Storing stock market data for complex queries

Hi, I am looking at influxdb as storage for stock market data. I only want to stor daily timeframe so one entry per stock per day. And about 252 entries per stock per year. There are about 7000 stocks in the US stock market so 7000*252 entries for a year.

I am now storing it with ohlcv data, so each entry has a value for the open price, highest price, lowest price, and close price for that day. And also a value for the volume. Each entrie has the stock ticker as a tag. So I am storing all of them in the same bucket.

What I want to do with the data is to be able to do complex queries, such as:

  • What stock has had the highest volume during a 10-day period?
  • which stocks have made the biggest move for a certain timeframe: a week, a month, 3 months, 6 months, a year, etc.
  • Which stocks are trading over the 10/20/50/100/150/200-day moving average for close price
  • But also even more complex queries than that at times and aggregations with AND/OR of the above.

Questions

  1. Is this possible with influx db?

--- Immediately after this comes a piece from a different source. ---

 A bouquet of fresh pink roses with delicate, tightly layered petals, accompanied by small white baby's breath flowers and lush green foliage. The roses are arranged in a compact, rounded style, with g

I am looking at custom aggregate functions.
  2. Is the idea to have all of them as tags in one bucket a good idea, or should each stock be in its own bucket? (Note that I will have the same retention for all stocks.)

I am thinking about 3 different ways that I could achieve what I want:

  1. This approach with all in the same bucket and custom aggregate functions
  2. Storing a lot more of pre-calculated values such as the Moving averages and stats per entry to make it easier to query
  3. Just storing the data in influx but reading it all into memory and doing the queries on the data in memory instead.

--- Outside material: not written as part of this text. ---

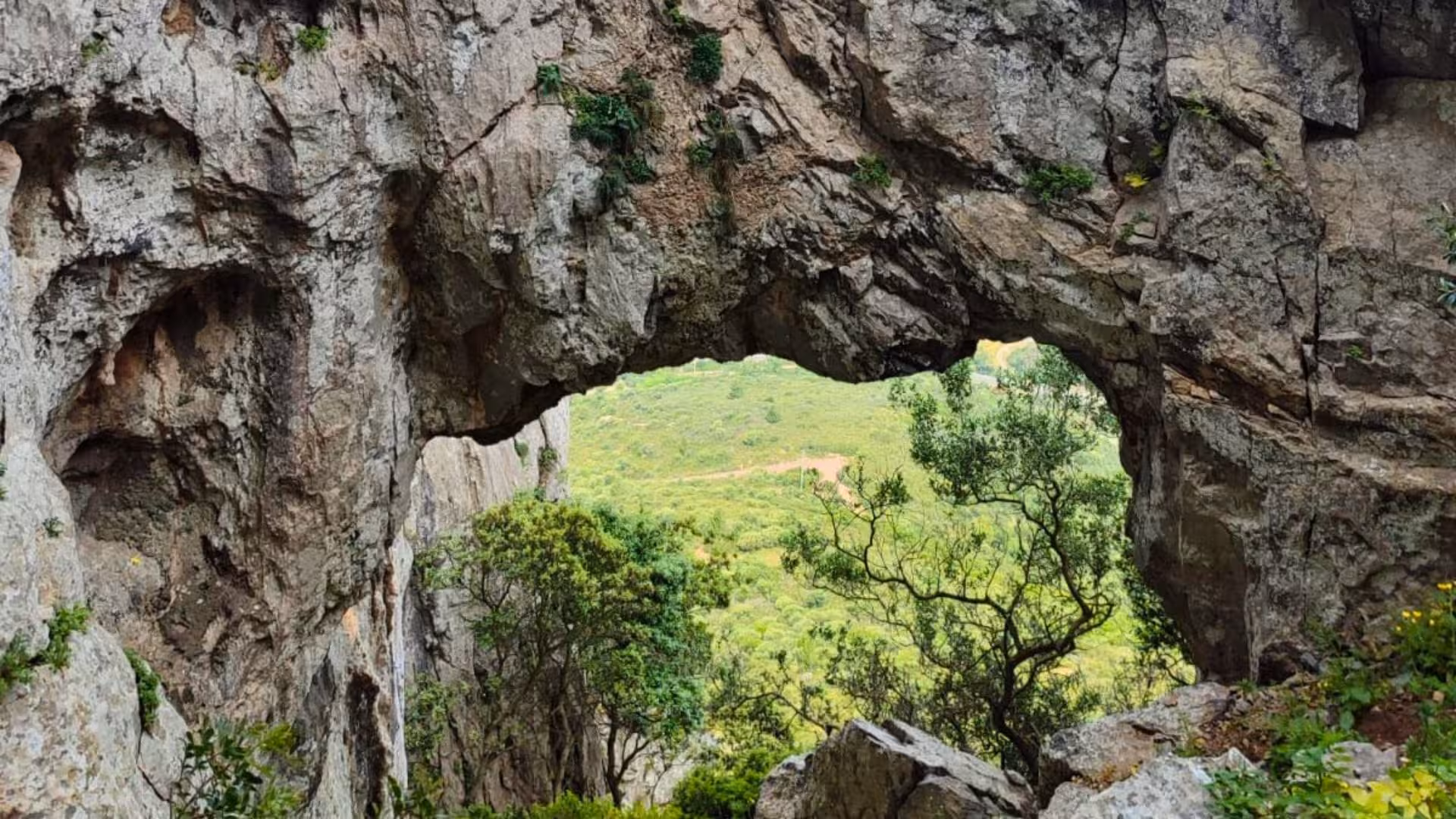 Natural rock archway offering a scenic view of lush greenery on the Monte San Giovanni canyoning trail.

For 2 and 3 I think I could just use a Postgres database instead, no need for influxdb in that case.

a. your results won’t be accurate without info on splits, dividends, delisted/relisted stocks, one place you could read re:backtest pitfalls is old.reddit.com/r/algotrading

b. the query lang will go so far on e.g. expon moving average, I would prefer backtest lib in python, julia, R

I am aware of these problems with splits, dividends, delisted/relisted stocks etc.